* Study material
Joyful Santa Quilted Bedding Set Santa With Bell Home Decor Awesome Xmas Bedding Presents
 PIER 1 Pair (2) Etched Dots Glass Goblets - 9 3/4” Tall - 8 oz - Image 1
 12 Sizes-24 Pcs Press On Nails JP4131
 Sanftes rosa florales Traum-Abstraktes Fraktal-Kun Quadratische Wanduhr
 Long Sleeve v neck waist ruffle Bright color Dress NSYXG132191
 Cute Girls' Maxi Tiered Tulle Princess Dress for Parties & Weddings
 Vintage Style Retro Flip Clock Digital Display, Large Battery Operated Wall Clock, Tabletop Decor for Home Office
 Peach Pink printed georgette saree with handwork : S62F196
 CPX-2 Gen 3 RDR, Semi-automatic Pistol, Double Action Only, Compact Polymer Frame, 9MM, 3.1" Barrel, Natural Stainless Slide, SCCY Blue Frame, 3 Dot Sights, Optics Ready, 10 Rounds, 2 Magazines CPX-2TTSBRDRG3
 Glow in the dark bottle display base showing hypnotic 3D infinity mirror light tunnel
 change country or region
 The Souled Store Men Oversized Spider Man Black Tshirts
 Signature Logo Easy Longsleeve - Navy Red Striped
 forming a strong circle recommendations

* Required action
Give the number of lines in the entries above that include the string "Dress". No other output is expected.

* Response to the exercise
2